2025 American action comedy film

Under Fire is a 2025 American action comedy film directed by Steven C. Miller, written by Adrian Speckert and Cory Todd Hughes, and produced by Voltage Pictures. The film stars Dylan Sprouse and Mason Gooding as a DEA agent and a FBI agent, respectively, who unwittingly discover they are working the same drug-cartel investigation, only to be pinned down together behind enemy lines by a sniper. This is the second time Sprouse and Gooding have acted together in an action film, having been previously starred in Aftermath (2024).

==Premise==
Two undercover agents—an FBI agent (Sprouse) and a DEA agent (Gooding)—separately infiltrate a Mexican drug cartel. When they mutually reveal their identities at a remote border meet-up, they become trapped in a sniper-led ambush.

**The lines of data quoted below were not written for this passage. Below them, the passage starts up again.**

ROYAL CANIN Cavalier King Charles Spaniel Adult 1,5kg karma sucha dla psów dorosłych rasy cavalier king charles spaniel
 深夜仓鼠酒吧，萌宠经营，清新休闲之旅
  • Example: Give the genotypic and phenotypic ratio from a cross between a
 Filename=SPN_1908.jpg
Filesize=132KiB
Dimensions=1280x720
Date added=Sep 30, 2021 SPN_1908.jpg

Realizing they’ve been working parallel sides, they must overcome their distrust to survive.

==Cast==
- Dylan Sprouse as FBI Agent Griff
- Mason Gooding as DEA Agent Abbott
- Odette Annable as Agent Vasquez
- Emilio Rivera as Valentino
- Declan Michael Laird as Spotter
- Bayardo De Murguia as Delgado

==Production==
Voltage Pictures acquired worldwide rights ahead of the American Film Market in October 2024. Principal photography took place in California under director Steven C. Miller, known for previous action films including Line of Duty and Werewolves.

==Release==
Under Fire was released in the United States on August 15, 2025, both in limited theaters and via video on demand platforms.